◆ **EXERCISE GOAL**
An exact copy of the data below is needed; please leave out any pictures.

==== SUPPLIED INFORMATION

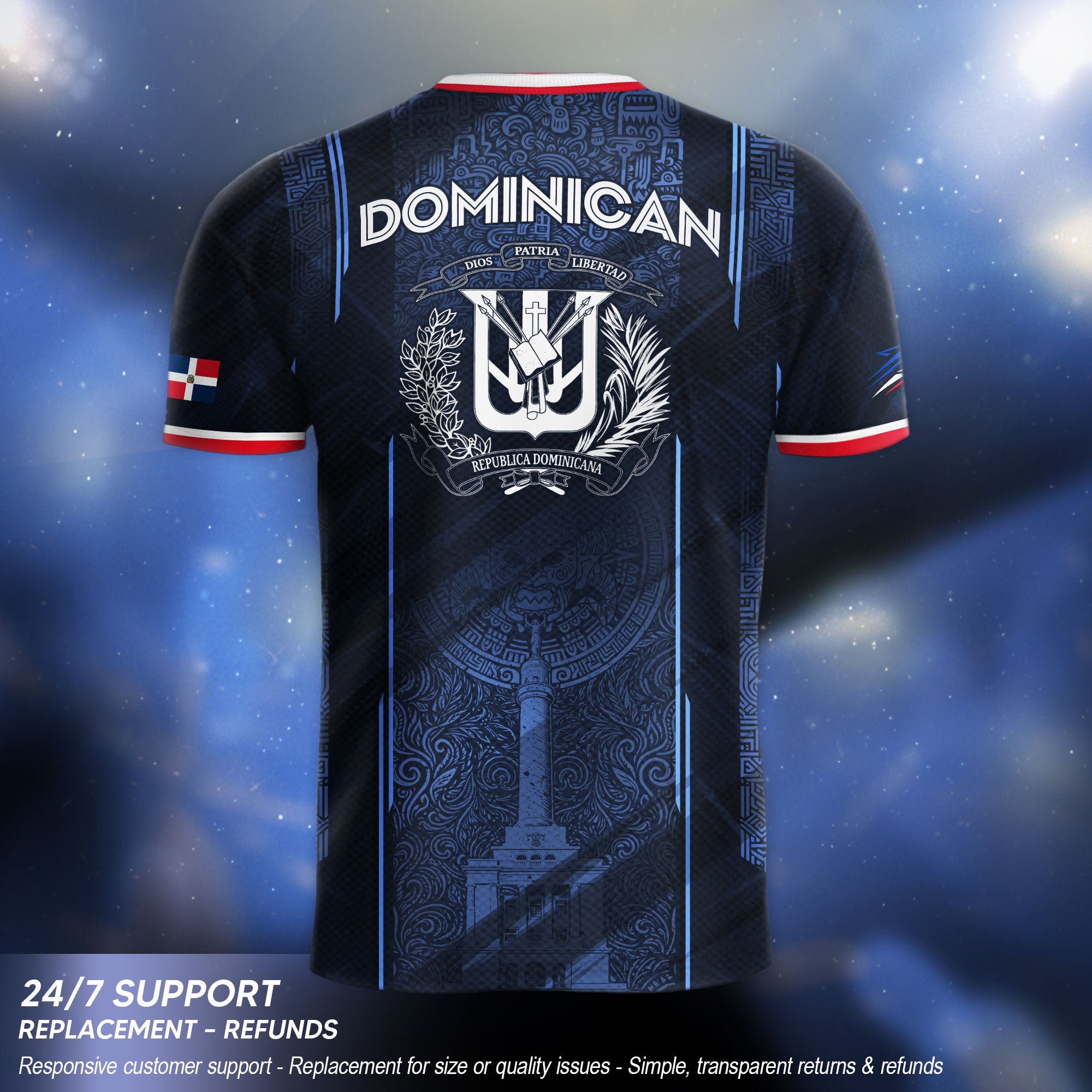 Dominican Republic Heritage Navy Blue Red National Pride Athletic Soccer Jersey
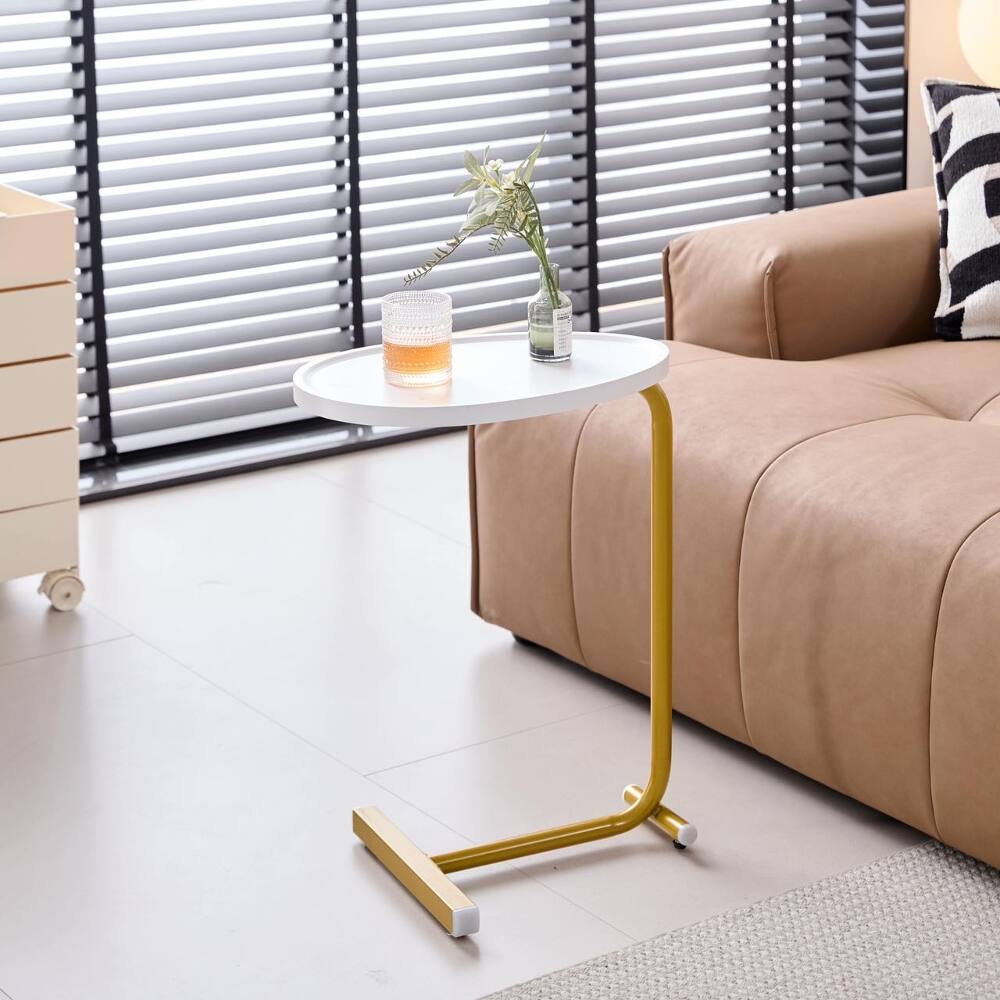 Alt View 4. Loheer - Loheer 2-Piece White C-Shaped Side Table Small End Table for Couch Bed - White.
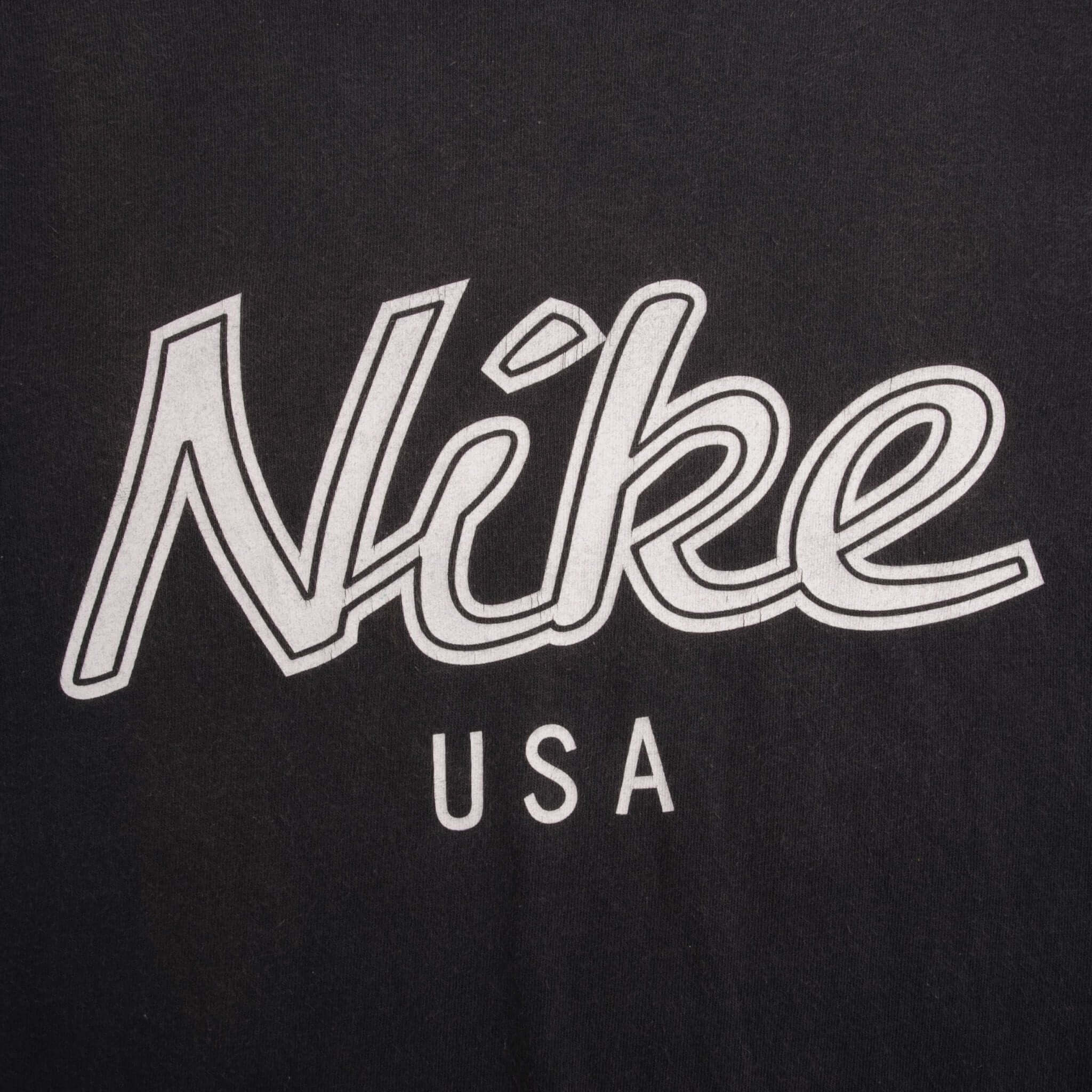 Vintage Nike Spellout Black Tee Shirt 1990S Size Medium Made In Usa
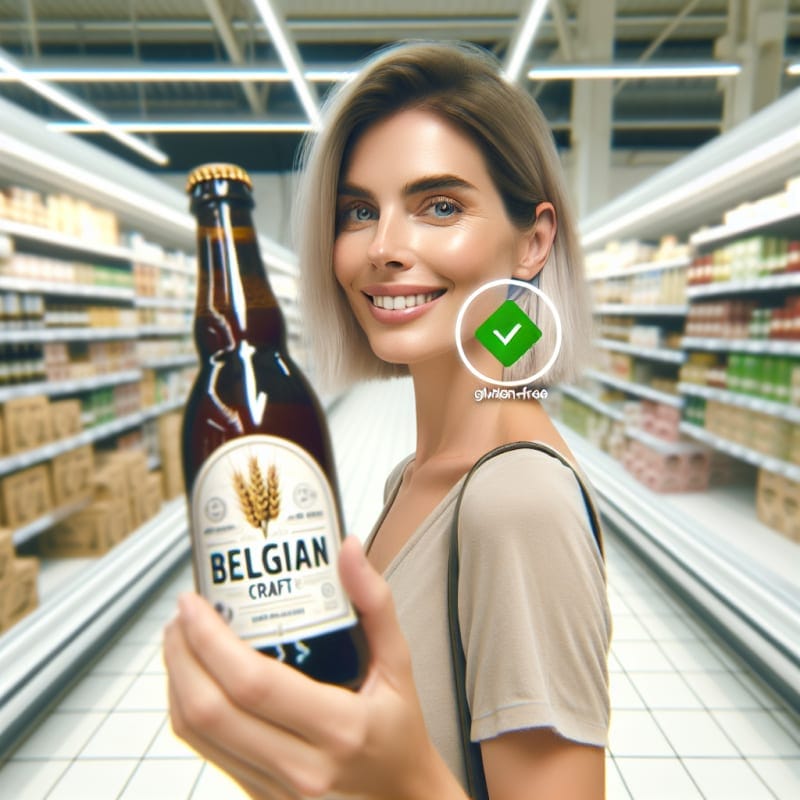 A bright, airy over-the-shoulder shot of a happy shopper in a clean Belgian supermarket. The shopper is holding a package of Belgian craft beer. A clean, minimalist “Product Approved” checkmark and text overlay (Gluten-Free) floats subtly in the air near the bottle, styled as a modern AR (Augmented Reality) interface in green. Over-the-shoulder viewpoint, showing the side of the shopper’s smiling face and their hands holding the beer. The background is a brightly lit, out-of-focus grocery aisle with soft pastels and white shelves. High-key photography style with bright, natural morning light, soft-diffused LED store lighting, pristine white balance. Authentic lifestyle photography, neutral modern clothing, soft bokeh background, natural skin textures, realistic beer packaging, no dark or cinematic tones.
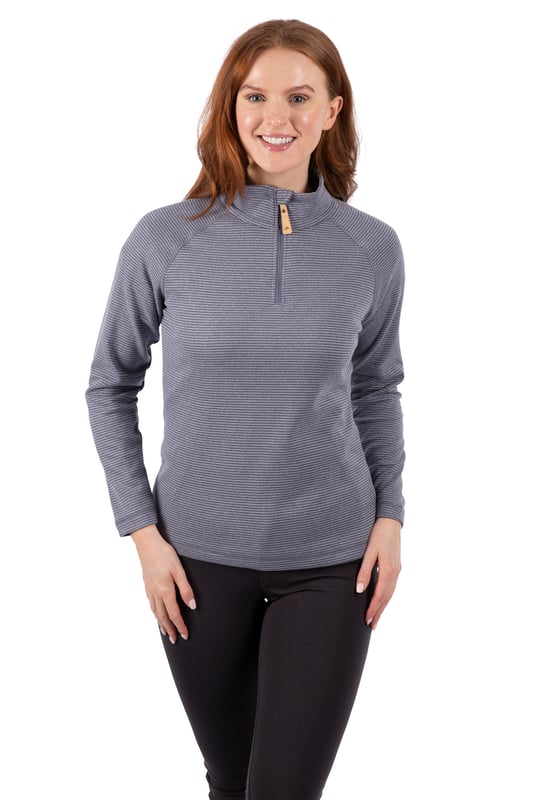 Material: 91% Polyester, 9% Elasthan. Besätze: Leder. Stoff: Gestrickt, Soft Touch, Garn. 260gsm. Design: Mergel, garngefärbter Streifen. Flache Nähte. Ärmel-Typ: Lang-Ärmel. Ausschnitt: Stehkragen. Verschluss: Halber Reißverschluss, Pull-On.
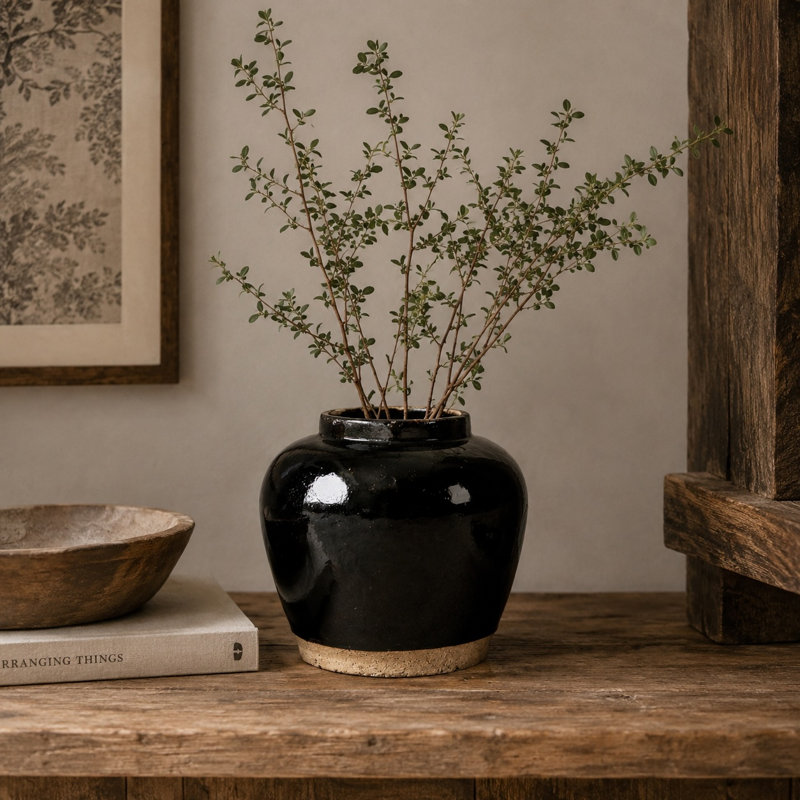 Black 9'' Indoor / Outdoor Porcelain Floor Vase, 9" H x 9" W x 9" D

========

◆ **EXERCISE RESULT**
 Dominican Republic Heritage Navy Blue Red National Pride Athletic Soccer Jersey
 Alt View 4. Loheer - Loheer 2-Piece White C-Shaped Side Table Small End Table for Couch Bed - White.
 Vintage Nike Spellout Black Tee Shirt 1990S Size Medium Made In Usa
 A bright, airy over-the-shoulder shot of a happy shopper in a clean Belgian supermarket. The shopper is holding a package of Belgian craft beer. A clean, minimalist “Product Approved” checkmark and text overlay (Gluten-Free) floats subtly in the air near the bottle, styled as a modern AR (Augmented Reality) interface in green. Over-the-shoulder viewpoint, showing the side of the shopper’s smiling face and their hands holding the beer. The background is a brightly lit, out-of-focus grocery aisle with soft pastels and white shelves. High-key photography style with bright, natural morning light, soft-diffused LED store lighting, pristine white balance. Authentic lifestyle photography, neutral modern clothing, soft bokeh background, natural skin textures, realistic beer packaging, no dark or cinematic tones.
 Material: 91% Polyester, 9% Elasthan. Besätze: Leder. Stoff: Gestrickt, Soft Touch, Garn. 260gsm. Design: Mergel, garngefärbter Streifen. Flache Nähte. Ärmel-Typ: Lang-Ärmel. Ausschnitt: Stehkragen. Verschluss: Halber Reißverschluss, Pull-On.
 Black 9'' Indoor / Outdoor Porcelain Floor Vase, 9" H x 9" W x 9" D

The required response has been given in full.